INPS – separazione spesa assistenza da previdenza

Un itinerario a ostacoli. Federmanager e CIDA portando avanti con convinzione le iniziative con tecnici, politici e associazioni di categoria atte a realizzare una reale separazione della spesa per pensioni da quella per assistenza nel rispetto del principio di trasparenza della gestione delle risorse pubbliche.

Antonio Pesante 

Associato Federmanager Friuli Venezia Giulia e componente del Comitato Nazionale Pensionati
Il problema della separazione della spesa per assistenza da quello per la previdenza nell’INPS viene da lontano. 

Con la legge 88/1989 fu decretato un risanamento del bilancio dell’INPS accorpando il Fondo Previdenziale Lavoratori Dipendenti (FPLD) con la Gestione Prestazioni Temporanee (GPT) in modo da compensare le passività del primo con l’attivo del secondo e istituendo la Gestione Interventi Assistenziali di Sostegno (GIAS) ponendolo a carico della fiscalità generale.
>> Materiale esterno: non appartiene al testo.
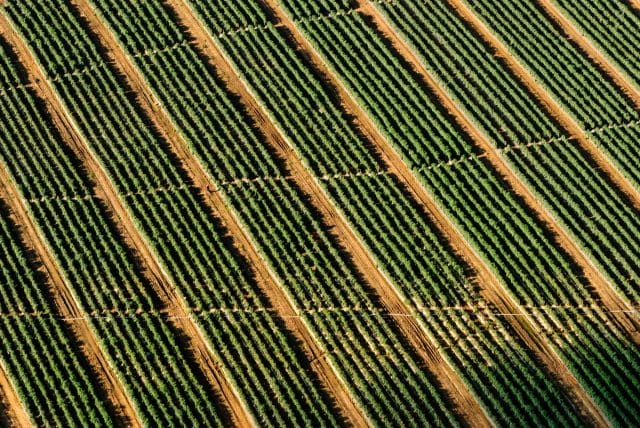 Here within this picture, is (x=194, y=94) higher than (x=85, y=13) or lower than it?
lower

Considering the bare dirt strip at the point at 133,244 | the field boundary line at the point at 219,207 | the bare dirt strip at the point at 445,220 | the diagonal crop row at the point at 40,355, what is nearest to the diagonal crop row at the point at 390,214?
the bare dirt strip at the point at 445,220

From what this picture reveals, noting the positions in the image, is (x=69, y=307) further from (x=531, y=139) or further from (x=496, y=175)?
(x=531, y=139)

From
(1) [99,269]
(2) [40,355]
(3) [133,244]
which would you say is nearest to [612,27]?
(3) [133,244]

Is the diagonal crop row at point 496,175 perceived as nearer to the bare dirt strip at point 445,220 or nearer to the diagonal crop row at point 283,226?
the bare dirt strip at point 445,220

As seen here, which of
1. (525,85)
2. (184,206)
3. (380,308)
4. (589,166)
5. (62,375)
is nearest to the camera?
(62,375)

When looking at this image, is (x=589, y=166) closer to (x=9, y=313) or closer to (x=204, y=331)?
(x=204, y=331)

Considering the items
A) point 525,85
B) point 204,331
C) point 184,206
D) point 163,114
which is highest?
point 163,114

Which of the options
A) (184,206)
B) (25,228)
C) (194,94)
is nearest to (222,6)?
(194,94) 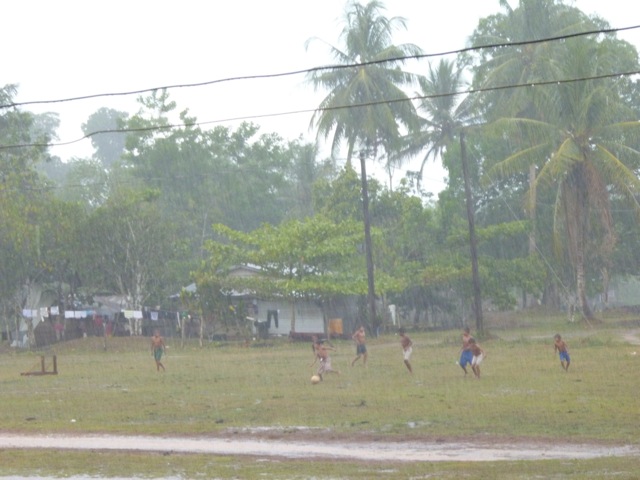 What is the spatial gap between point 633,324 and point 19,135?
1415 inches

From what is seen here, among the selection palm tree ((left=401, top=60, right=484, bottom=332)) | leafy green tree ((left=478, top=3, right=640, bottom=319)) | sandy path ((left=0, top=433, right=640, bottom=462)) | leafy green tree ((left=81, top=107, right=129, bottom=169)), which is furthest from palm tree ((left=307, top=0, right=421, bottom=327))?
leafy green tree ((left=81, top=107, right=129, bottom=169))

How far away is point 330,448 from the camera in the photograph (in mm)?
16172

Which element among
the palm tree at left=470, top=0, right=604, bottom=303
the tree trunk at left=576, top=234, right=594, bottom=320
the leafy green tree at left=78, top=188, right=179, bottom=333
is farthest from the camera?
the palm tree at left=470, top=0, right=604, bottom=303

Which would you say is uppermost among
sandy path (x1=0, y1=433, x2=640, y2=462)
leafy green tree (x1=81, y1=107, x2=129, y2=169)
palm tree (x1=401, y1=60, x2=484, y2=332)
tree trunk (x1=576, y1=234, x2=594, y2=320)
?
leafy green tree (x1=81, y1=107, x2=129, y2=169)

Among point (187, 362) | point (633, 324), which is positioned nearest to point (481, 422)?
point (187, 362)

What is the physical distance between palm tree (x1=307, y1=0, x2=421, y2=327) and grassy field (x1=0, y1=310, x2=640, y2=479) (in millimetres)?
23643

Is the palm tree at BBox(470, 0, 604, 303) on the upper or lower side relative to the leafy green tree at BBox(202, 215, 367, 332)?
upper

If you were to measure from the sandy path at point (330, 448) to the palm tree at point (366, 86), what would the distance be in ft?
146

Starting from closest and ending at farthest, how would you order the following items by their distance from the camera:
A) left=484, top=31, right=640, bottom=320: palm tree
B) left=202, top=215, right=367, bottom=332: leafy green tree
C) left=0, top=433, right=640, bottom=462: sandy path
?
left=0, top=433, right=640, bottom=462: sandy path → left=484, top=31, right=640, bottom=320: palm tree → left=202, top=215, right=367, bottom=332: leafy green tree

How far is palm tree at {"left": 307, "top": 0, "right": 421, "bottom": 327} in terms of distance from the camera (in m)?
61.3

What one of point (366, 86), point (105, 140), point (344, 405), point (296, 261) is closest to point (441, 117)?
point (366, 86)

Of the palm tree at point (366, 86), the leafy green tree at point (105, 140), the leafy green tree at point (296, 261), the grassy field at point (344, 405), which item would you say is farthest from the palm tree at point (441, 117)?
the leafy green tree at point (105, 140)

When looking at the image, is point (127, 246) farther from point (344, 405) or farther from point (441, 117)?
point (344, 405)

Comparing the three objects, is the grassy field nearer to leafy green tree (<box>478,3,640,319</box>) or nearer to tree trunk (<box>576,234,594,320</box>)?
leafy green tree (<box>478,3,640,319</box>) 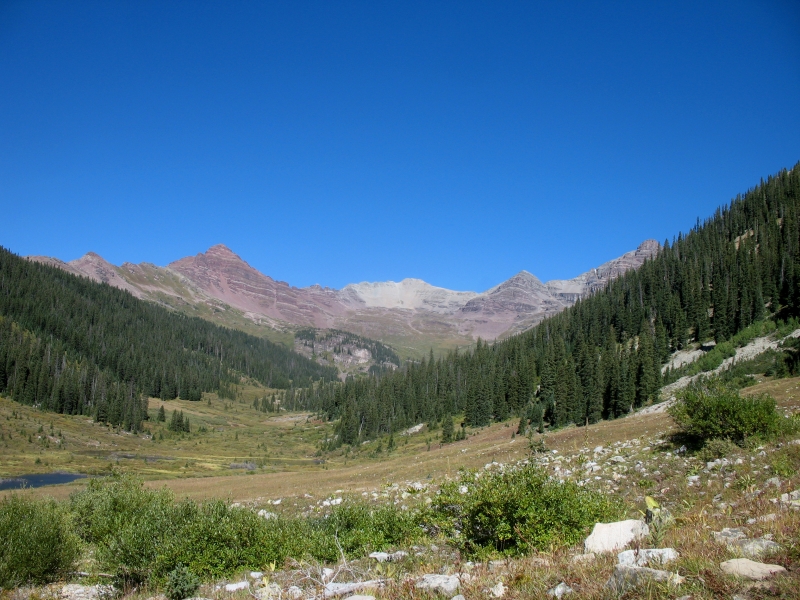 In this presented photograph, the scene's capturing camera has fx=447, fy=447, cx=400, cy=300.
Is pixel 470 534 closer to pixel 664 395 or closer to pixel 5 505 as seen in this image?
pixel 5 505

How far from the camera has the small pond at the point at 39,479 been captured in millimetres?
62875

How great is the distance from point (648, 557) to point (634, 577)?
116 cm

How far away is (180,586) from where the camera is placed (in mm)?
12438

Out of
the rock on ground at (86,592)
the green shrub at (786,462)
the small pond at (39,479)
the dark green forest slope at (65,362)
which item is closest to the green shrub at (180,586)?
the rock on ground at (86,592)

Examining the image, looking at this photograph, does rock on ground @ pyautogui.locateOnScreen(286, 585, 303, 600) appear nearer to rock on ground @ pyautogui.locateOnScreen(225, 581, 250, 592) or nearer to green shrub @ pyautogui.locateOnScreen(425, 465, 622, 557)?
rock on ground @ pyautogui.locateOnScreen(225, 581, 250, 592)

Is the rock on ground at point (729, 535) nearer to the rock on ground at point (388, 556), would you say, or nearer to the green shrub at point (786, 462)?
the green shrub at point (786, 462)

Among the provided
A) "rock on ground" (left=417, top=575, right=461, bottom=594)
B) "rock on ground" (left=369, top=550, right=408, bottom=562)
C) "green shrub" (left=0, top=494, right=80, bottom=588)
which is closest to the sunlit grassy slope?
"rock on ground" (left=369, top=550, right=408, bottom=562)

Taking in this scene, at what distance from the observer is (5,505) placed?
1661 centimetres

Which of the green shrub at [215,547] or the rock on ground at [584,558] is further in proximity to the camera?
the green shrub at [215,547]

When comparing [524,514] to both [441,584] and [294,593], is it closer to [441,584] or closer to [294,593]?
[441,584]

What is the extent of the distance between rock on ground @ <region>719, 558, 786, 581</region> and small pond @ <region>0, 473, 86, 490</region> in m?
80.7

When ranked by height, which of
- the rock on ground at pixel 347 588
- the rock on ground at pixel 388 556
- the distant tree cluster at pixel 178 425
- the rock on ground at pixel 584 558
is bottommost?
the distant tree cluster at pixel 178 425

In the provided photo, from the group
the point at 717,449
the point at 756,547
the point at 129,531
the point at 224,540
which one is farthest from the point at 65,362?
the point at 756,547

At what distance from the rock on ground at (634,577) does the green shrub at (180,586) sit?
11.2m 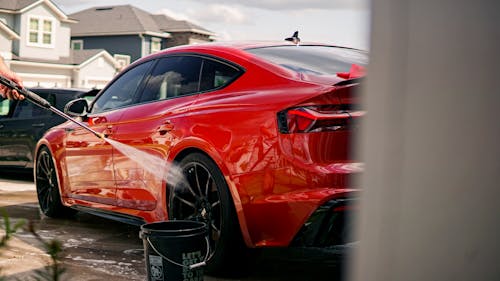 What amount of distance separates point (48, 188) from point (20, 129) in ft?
12.0

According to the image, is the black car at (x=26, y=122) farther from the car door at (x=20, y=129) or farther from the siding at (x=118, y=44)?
the siding at (x=118, y=44)

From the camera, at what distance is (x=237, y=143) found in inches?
187

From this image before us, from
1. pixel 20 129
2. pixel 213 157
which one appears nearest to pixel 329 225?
pixel 213 157

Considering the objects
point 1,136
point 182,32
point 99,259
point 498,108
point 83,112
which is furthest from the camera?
point 182,32

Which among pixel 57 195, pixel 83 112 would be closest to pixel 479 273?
pixel 83 112

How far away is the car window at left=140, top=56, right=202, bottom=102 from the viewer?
5660mm

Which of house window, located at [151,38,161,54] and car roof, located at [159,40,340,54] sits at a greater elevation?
house window, located at [151,38,161,54]

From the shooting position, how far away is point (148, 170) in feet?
18.9

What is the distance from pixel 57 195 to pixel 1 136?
4.32 meters

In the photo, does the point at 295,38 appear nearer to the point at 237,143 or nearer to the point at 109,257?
the point at 237,143

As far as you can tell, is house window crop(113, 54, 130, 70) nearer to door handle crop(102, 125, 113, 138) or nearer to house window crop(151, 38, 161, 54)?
house window crop(151, 38, 161, 54)

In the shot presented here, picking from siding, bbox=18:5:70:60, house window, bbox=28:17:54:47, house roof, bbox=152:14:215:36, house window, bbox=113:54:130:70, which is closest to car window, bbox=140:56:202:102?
siding, bbox=18:5:70:60

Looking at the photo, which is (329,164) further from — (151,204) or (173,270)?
(151,204)

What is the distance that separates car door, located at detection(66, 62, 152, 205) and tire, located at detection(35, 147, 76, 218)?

Questa legge non è mai stata applicata dai vari Presidenti INPS succedutosi. 

In pochi anni i valori degli enti sopra citati hanno subito uno squilibrio con il passaggio del primo in attivo mentre i GIAS hanno subito un incremento notevole, causato da generose riforme previdenziali, tali da portare la spesa totale previdenziale a valori oltre il 16,5% del PIL contro una media europea del 12,4%. Questo divario ci ha penalizzato in campo europeo, nella crisi del 2011 la BCE ci ha richiamato a fare riforme pensionistiche per riportare le percentuali nei canoni medi europei. 

Con la legge Fornero vennero creati perciò allungamenti sull’età pensionistica e, per recuperare sulla spesa corrente, vennero istituiti gli odiati contributi di solidarietà e venne bloccata la perequazione. La spesa attuale per le sole pensioni risulta essere il 12,8% del PIL, per cui abbastanza in linea con la spesa europea, mentre la spesa compresa l’assistenza raggiunge il 18,8%del PIL. Per questo motivo Federmanager/CIDA, associazioni sindacali e di categoria, politici e autorevoli economisti sostennero e sostengono la separazione della assistenza dalla previdenza. 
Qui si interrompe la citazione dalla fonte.